Transmission: TC McCormack and Marie-José Ourtilane – Tuesday 29 January 2019

Transmission logo and Play it as it lays Installation featuring a collection of objects and materials, video projection and audio As Much About Forgetting, a group exhibition, Viborg Kunsthal, Denmark 2018 by TC McCormack

TC McCormack and Marie-José Ourtilane are developing a project that explores a principle that might be called the complex space (espace complexe), the title of a series of exhibitions through which curators and artists experiment with their relationships. ESPACE COMPLEXE implicitly refers to dialogue, to an idea developed by Edgar Morin: ‘Two principles united without duality being lost or vanishing in this unity. [T]he problem is to unite antagonistic notions to think about the organisational and creative processes. The word complex is understood here in the etymological sense of the term, i.e. “complexus what is woven together in a tangle of intertwining (plexus)”’.

TC McCormack’s central preoccupation has always been how one navigates the space between the legacy of modernism and the reach of contemporaneous media. He is an artist, researcher, and curator. His work is primarily based in film and installation, while spanning photography, collage, and text, involving searching through media and archives for speculative contexts, in the social sphere, film history, sculpture, technology, museology, architecture, and urban planning. His work is commissioned by galleries and arts institutions in the UK and internationally.
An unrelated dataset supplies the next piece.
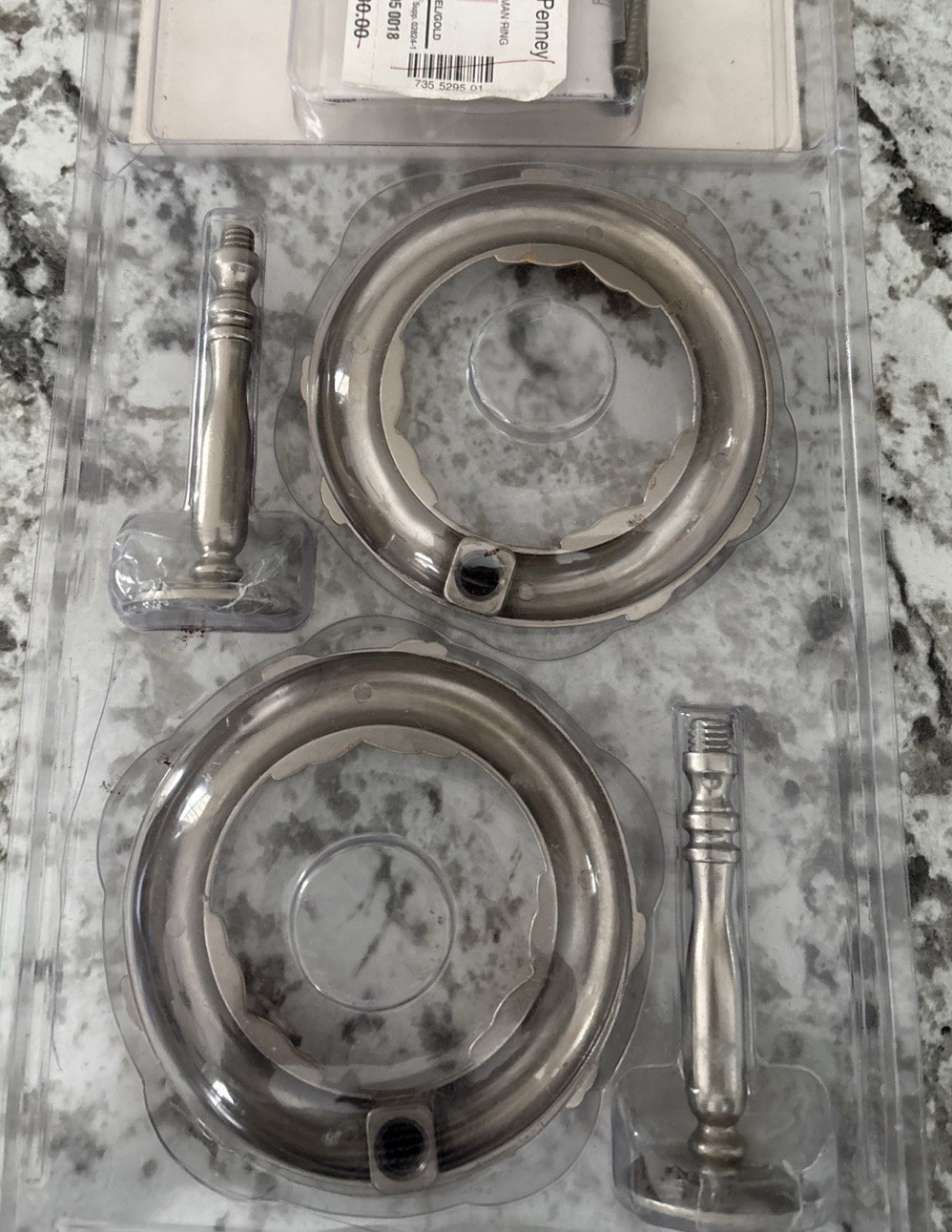 RARE 2 Pack NOS Croscill Home Pewter Roman Ring Steel Gold Holdback Scarf Holder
Marie-José Ourtilane studied at the Academy of Fine Arts in Le Havre and the Faculty of Art History of Paris I Pantheon-Sorbonne. In the 1990s she moved to Berlin. She founded and was a member of numerous art projects, including the gallery-residence Visite ma tente 2010-15 and the project space General Public. She works as a freelance curator and has been the director of Project Space Festival since 2016.

Transmission: TC McCormack & Marie-José Ourtilane
Tuesday 29 January 2019, 4.30PM – 6.30PM
Adsetts Learning Centre Lecture Theatre 6620
Sheffield Hallam University, Arundel Gate S1 1WB
Please register your interest on Eventbrite.

Transmission is an annual series of lectures and symposia, now in its seventeenth year, and is a collaboration between Fine Art, the Art & Design Research Centre at Sheffield Hallam University, and Site Gallery. Convened by Sharon Kivland in 2001, Transmission was developed collaboratively with Lesley Sanderson from 2001 to 2004, and with Jasper Joseph-Lester from 2004 to 2012. The series is now convened by Sharon Kivland, TC McCormack, Hester Reeve, and Julie Westerman, in association with Site Gallery, Sheffield. The lecture series has an annual theme, and involves students from Fine Art, fromundergraduates to PhDs.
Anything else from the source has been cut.